Famiglia

Attenti: la burocrazia si mangerà il 40% del budget

Arrivano 2,5 miliardi. Ma gli enti denunciano

di Maurizio Regosa

Ogni 100 euro stanziati, 40 vanno in procedure. A scapito del rafforzamento delle competenze professionali. L’allarme (e le proposte) di Enaip, Ial Cisl e Confartigianato Imprese: «Perché non fare verifiche a campione?»
Oltre 2,5 miliardi per la formazione professionale del 2010 sono senz’altro una buona notizia. In particolare se si riuscirà a mettere in pratica le Linee guida su cui governo e sindacati hanno trovato un accordo. L’Italia detiene però un record negativo sul quale si deve assolutamente intervenire. Ogni 100 euro stanziati per attività formative, infatti, 40 se ne vanno in burocrazia (il che potrebbe significare che oltre mille milioni, dei 2,5 miliardi a disposizione, potrebbero essere bruciati in scartoffie, faldoni, notule e certificati).
A lanciare un preoccupato allarme è Maurizio Drezzadore, presidente dell’Enaip (50mila utenti, 5mila docenti e un fatturato “aggregato” di circa 300 milioni, 230 sedi formative): «Si è ormai raggiunto un livello inaccettabile: le procedure per la rendicontazione sono talmente articolate che inevitabilmente l’aspetto amministrativo finisce con l’assorbire una gran quantità di risorse, umane ed economiche».
«Complesse e sovrapposte», aggiunge Graziano Trerè, amministratore dello Ial Cisl (14 milioni di ore/corso per 45mila giovani e lavoratori nelle 270 sedi), «anche perché ciascuna istituzione coinvolta ha aggiunto ulteriori passaggi burocratici». «Che senso ha “subire” ad ogni ispezione controlli relativamente alla qualità, quando l’ente è certificato secondo le vigenti norme?», si chiede invece Giovanni Boccia di Confartigianato Imprese (400mila ore formative erogate l’anno, 20 enti formativi regionali).

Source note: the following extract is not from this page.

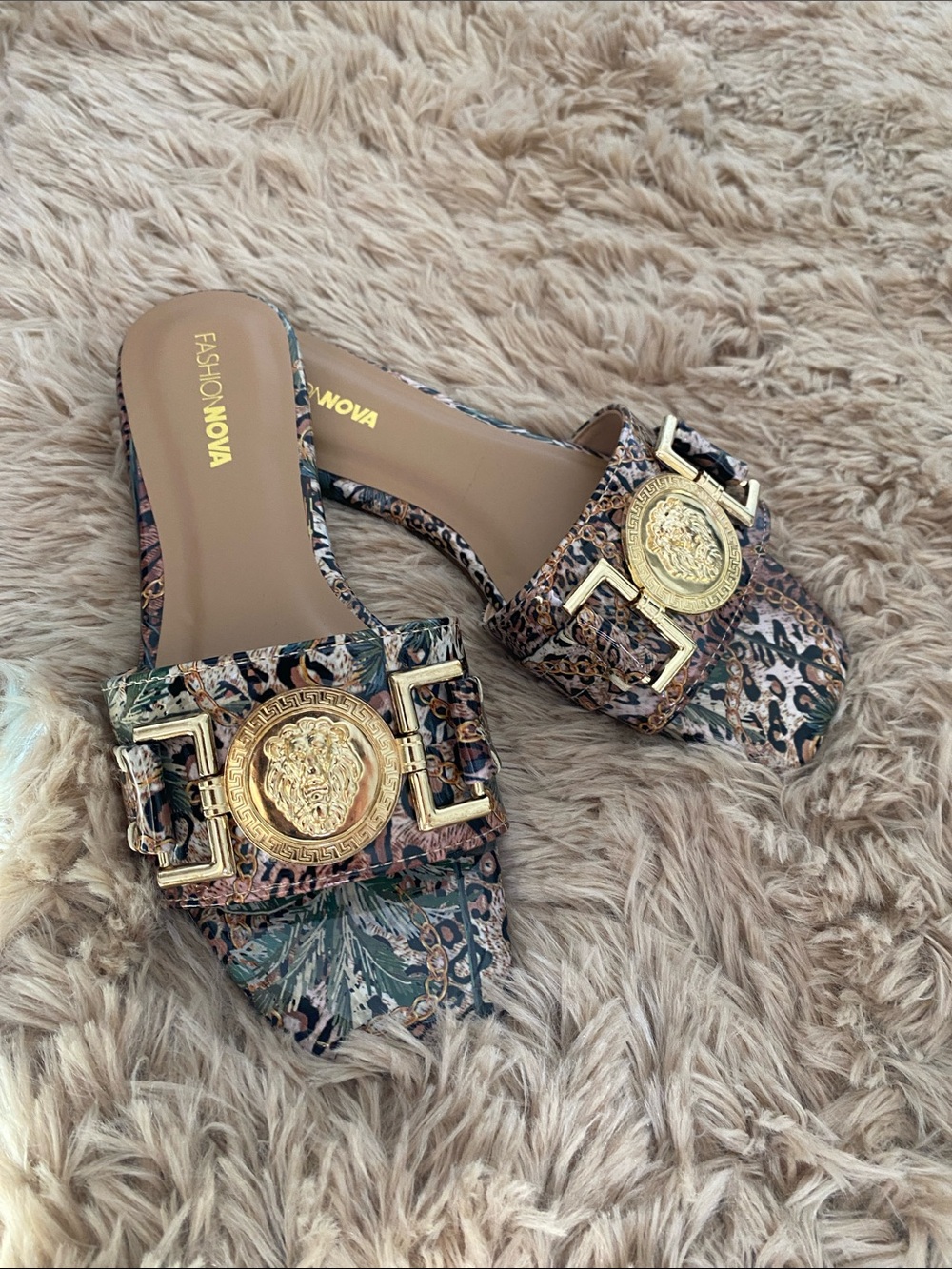 Fashion Nova Leopard-Print Slides with Gold Lion 🦁 Medallion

Se le cose stanno così, è inevitabile che il vero obiettivo della formazione (il rafforzamento delle competenze professionali degli allievi) vada via via sfocandosi: «L’invasività della componente amministrativo-contabile ha finito per incidere sulla stessa progettazione, sino a far prevalere spesso le esigenze di rendicontazione finale sulle considerazioni di contenuto» si legge nel Rapporto sul futuro della formazione in Italia. Ridurre tale invasività liberebbe risorse per riqualificare lavoratori “deboli”. Un’operazione che va condotta all’insegna della trasparenza perché, come ha sottolineato il procuratore generale della Corte dei Conti, Mario Ristuccia, è un settore non esente da rischi: nel 2009 sono state emesse, ha ricordato inaugurando l’anno giudiziario 2010, quattro sentenze (il totale delle sanzioni ammonta a poco più di 1,8 milioni). Su come quadrare questo cerchio (meno costi amministrativi, eguale trasparenza, maggiore efficacia dei controlli), non mancano però proposte molto concrete e tutte sottolineano (come fa il Rapporto) la necessità di valutare meglio l’impatto dell’attività formativa.
Alcune ipotesi guardano all’Europa, come quella di Confartigianato: «Occorre un allineamento dei controlli alla media europea. In secondo luogo, si potrebbe immaginare un sistema di verifiche a campione, magari attraverso certificatori terzi, introducendo fasce di periodicità più stringenti nei confronti degli enti poco virtuosi». Altre soluzioni vengono dall’Enaip: «Anziché verificare ogni singola voce di spesa, si dovrebbero poter certificare i bilanci degli enti magari collegando l’aspetto amministrativo con l’analisi dei risultati del percorso formativo. Per noi sarebbe un onere in più, ma vorrebbe dire contenere le spese in modo significativo». «In più questi bilanci, oltre che certificati, potrebbero essere sociali», aggiunge Trerè (che sta trasformando lo Ial in impresa sociale).
Un altro “stratagemma” che potrebbe rivelarsi utile è l’informatizzazione. Un conto è andare a ripescare una ricevuta, un altro è recuperarla in un archivio digitalizzato (certo sarebbe necessaria una procedura di autenticazione, ma comunque converrebbe). Infine, vi è un aspetto sul quale non occorrerebbero modifiche normative. Lo ricorda Trerè: «Se Stato e Regioni non ci costringessero con i loro ritardi nel trasferimento dei fondi ad anticipazioni bancarie, potremmo ridurre anche la voce degli oneri passivi».